Suzuki B-King Final Prototype
Suzuki B-King Final Prototype


It arrived in 1980 with a background of gasps – the public didn’t quite know what to make of the fastest Suzuki ever. Styled by German design house Target, the bullet-shaped nose and angular profile was unlike anything prior, and motorcyclists the world over either loved it or hated it – there was no fence-sitting here.

The space age looks may have arrived in the era of Star Wars but there was the go to match the show. Although discontinued after just four years, the Katana had made its mark (the styling cues can still be seen on many bikes today) and was resurrected many times in limited numbers. There were offshoots as well – the naked 550, shaft-drive 650, 750, made-for-racing 1000, as well as the later 250 and 400cc Japanese market variants.

Suzuki even created a re-styled 750 version with a pop-up headlight in 1984. Since then, the Katana brand name has been diluted and misused on everything from a fully-faired 600 to a 50cc scooter, which is nothing short of criminal.

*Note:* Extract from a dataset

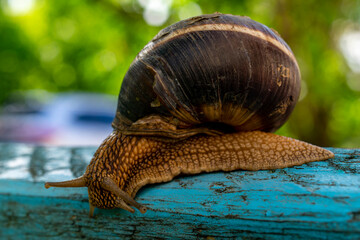 The snail is crawling. A snail with a large shell, close-up crawling over fallen broken tree branches on a sunny day.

Let’s not forget, for a while the original Katana was the fastest, most badass powered two-wheeler ever to rumble down the highways, not the Can-O-Tuna soft sportbike the name suggests today.

What’s the most dyno-busting powerplant in the Suzuki line-up? The Hayabusa/B-King motor of course, so we’ll start with that. As good as the motor is, we’d still like more real-world torque for those traffic light getaways so we’ve re-tuned it for more bottom-end pull at the expense of a few top end MPH.

We don’t expect rear tires to last long.

Suzuki B-King Final Prototype
Suzuki B-King Final Prototype

The only other change is the ditching of those overweight exhaust cans which should snip a few milliseconds off the launch time. It’ll eat a V-Max for breakfast and provide hours of one-wheel entertainment in whichever of the first three gears you like.

While the B-King is fantastic in a straight line, it’s not so clever in the corners. This is why our bike uses the main beam from an R1 frame, a heavily modified KTM RC8 swingarm and 2009 GSX-R1000 big piston forks. Rising rate twin rear shocks help tame our 170 HP beast and wheels and radial brakes are stock B-King items.

Our tribute to the Katana uses a modified original fuel tank, though it still utilizes the off-center fuel cap arrangement. The front cowl keeps the aggressive and streamlined angular shape but incorporates the ram-air intakes and a faired-in GSX-R-style headlight. An adjustable flip-up screen is an option that enables our Kat to be an effective all-day rider.

Although passengers are catered to with a minimal seat pad under the tail unit’s cowling (designed to minimise drag), we’d prefer to ride solo: there’s only so much screaming and feet-under-the-armpits we can take.